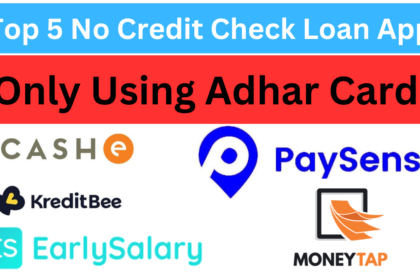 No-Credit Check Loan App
* * *
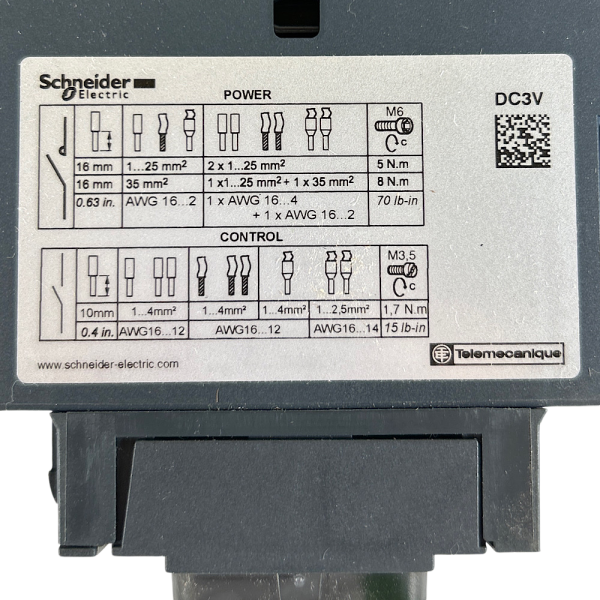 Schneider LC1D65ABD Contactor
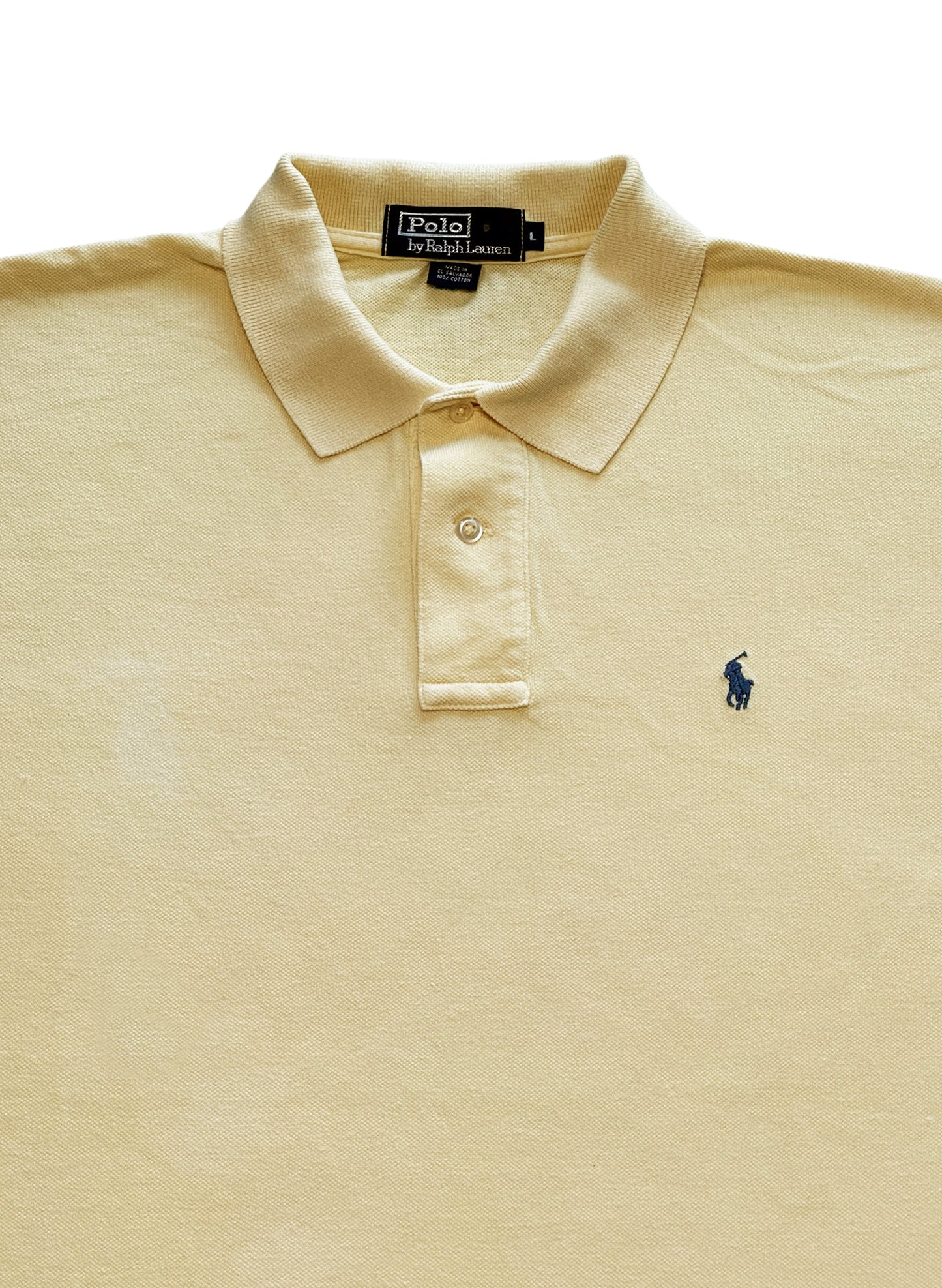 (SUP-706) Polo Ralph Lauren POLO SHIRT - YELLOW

### Problem statement
Nothing but the lines above from the line with "Schneider LC1D65ABD Contactor" up to and including the line with "(SUP-706) Polo Ralph" should be returned, exactly as written and without pictures.

### Exercise result
 Schneider LC1D65ABD Contactor
 (SUP-706) Polo Ralph Lauren POLO SHIRT - YELLOW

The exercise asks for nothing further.